Published online by Cambridge University Press: 07 September 2022
The wider context for the Marxist-Gramscian perspective developed in this book is what Callinicos (2007b, p 345) sees as the changing of the subject away from postmodernism back towards capitalism, class and resistance – themes that the transformation thesis dismissed amid the crisis of Marxism, the global capitalist renaissance and its fetish for networks. The purpose, therefore, has been to show how the Marxist and Gramscian traditions are relevant in rethinking governance today. Harvey comments that although postmodernism promised aesthetic emancipation, working with the grain of capital accumulation meant that its initially spectacular designs soon took on a predictably monotonous quality (cited in Merrifield, 2002, p 150). Similarly, post-traditional faith in the transformative quality of networks founders in the face of ‘governance as usual’. Connectionist ideology lent vision and promise to the global capitalist renaissance, transposed by governments into the language of opportunity and inclusion and strategies for cultivating governance networks. This is the vision that founders as creeping governmentalisation trumps connectionism, amid more or less overt recalcitrance among distrusting civil society insiders and burgeoning crisis and resistance elsewhere in the social system.

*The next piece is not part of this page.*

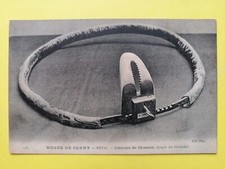 CPA FRANCE PARIS MUSÉE de CLUNY Métal CEINTURE de CHASTETÉ Chastity Belt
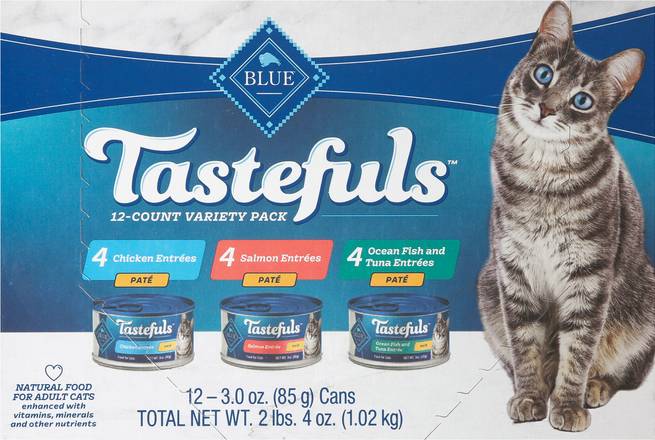 Blue Buffalo Tastefuls Variety pack Cat Food (12 ct)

Consequently, what is different about the past 40 years or so is not so much de-traditionalisation, dispersion and the rise of the network society, as the celebration of networks spearheading neoliberalism. Gramscian concepts, particularly the hegemonic project, the historic bloc, passive revolution and the integral state can contribute much to our understanding of the connectionist conjuncture as a moment in the struggle for hegemony. This struggle takes place on the terrain of the integral state, the dialectics of coercion–consent enacted in the day-to-day politics of institutions like governance networks. The idea of a contradictory totality central to Marxism is not a theory of ‘final suture’ as Laclau and Mouffe (2001, p 125) argued but of its impossibility, which is why hegemony is a relentless struggle and coercion remains the inescapable condition of consent. The neoliberal struggle has been partly about the shock doctrine and expanding markets, but also about transforming and enrolling civil society, attempting to cultivate the connectionist ethos.
In some cases this strategy may have succeeded in enrolling civil society activists, but in many others the dialectics of the integral state clearly undermine it.